うわっつらだけの和婚コーディネートはできても、基本やしきたりという大本を知らないから、応用が利かないのである。
つまり「どう崩せばいいのか(アレンジすればいいのか)」わからない。
例えば、その大本とはこんなことだ。
「そもそも、なぜ花嫁は、角隠しや綿帽子をかぶるのか?」
答えは「和婚 花嫁衣装&和の結婚式新ルール」に書いてあるが、和婚を望む花嫁のみなさんは、この質問をその会場のドレススタイリストやウエディングプランナーに聞いてみればいいと思う。
さらには「披露宴の途中で着なれない和装姿の新婦の気分が悪くなった」というケース。
飯田師匠「それはその会場の着付け担当が、バカみたいにぎゅうぎゅう締め付けて着つけるから。新婦は初めて着物を着るのだから、着つけの担当者か介添えさんが、適宜、ゆるめてあげればいい」。

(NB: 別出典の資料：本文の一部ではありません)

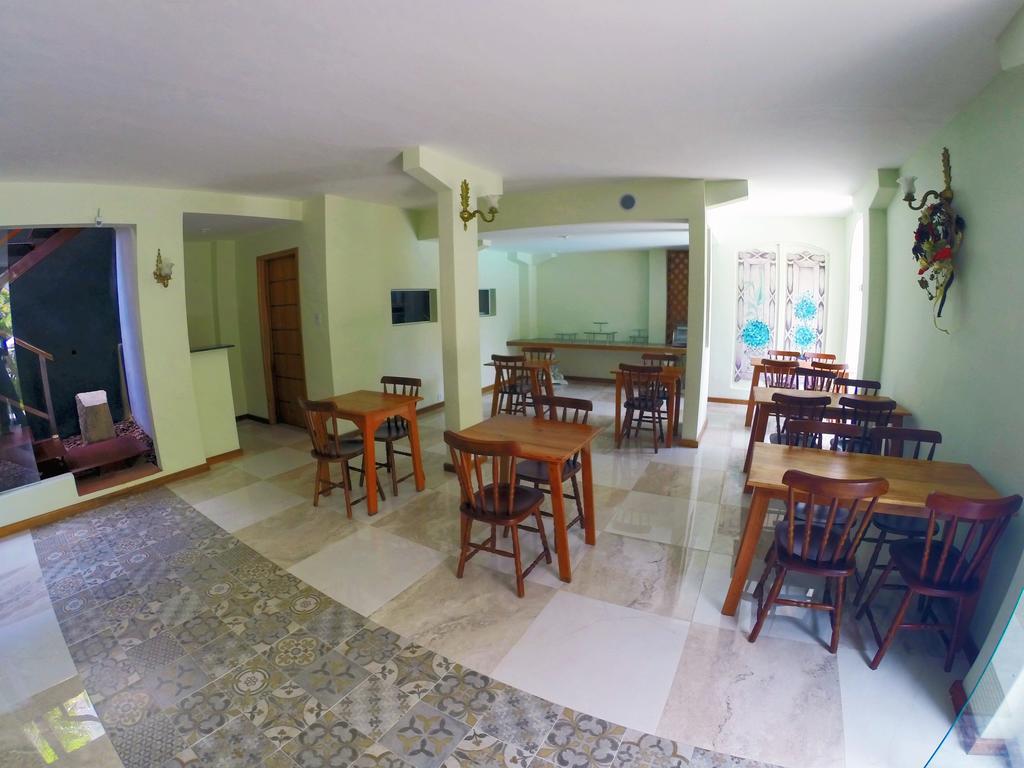 Pousada Imperial Koeler Petrópolis Buitenkant foto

しかし、そういう基本知識が会場側にないと、着付け担当者や昔ながらの着物姿の介添えさんも披露宴の最中にはスタンバイあるいは不在で、結果、顧客満足とは程遠い披露宴がまた1つ出来上がってしまうのだ。
本書はあくまでも花嫁向けに書かれた本だが、そういう意味からも、衣裳担当者やウエディングプランナー、そして学校でその人たちを教える若い先生がたにも一読してほしい本といえる。表紙のオビには、桂由美先生の推薦文。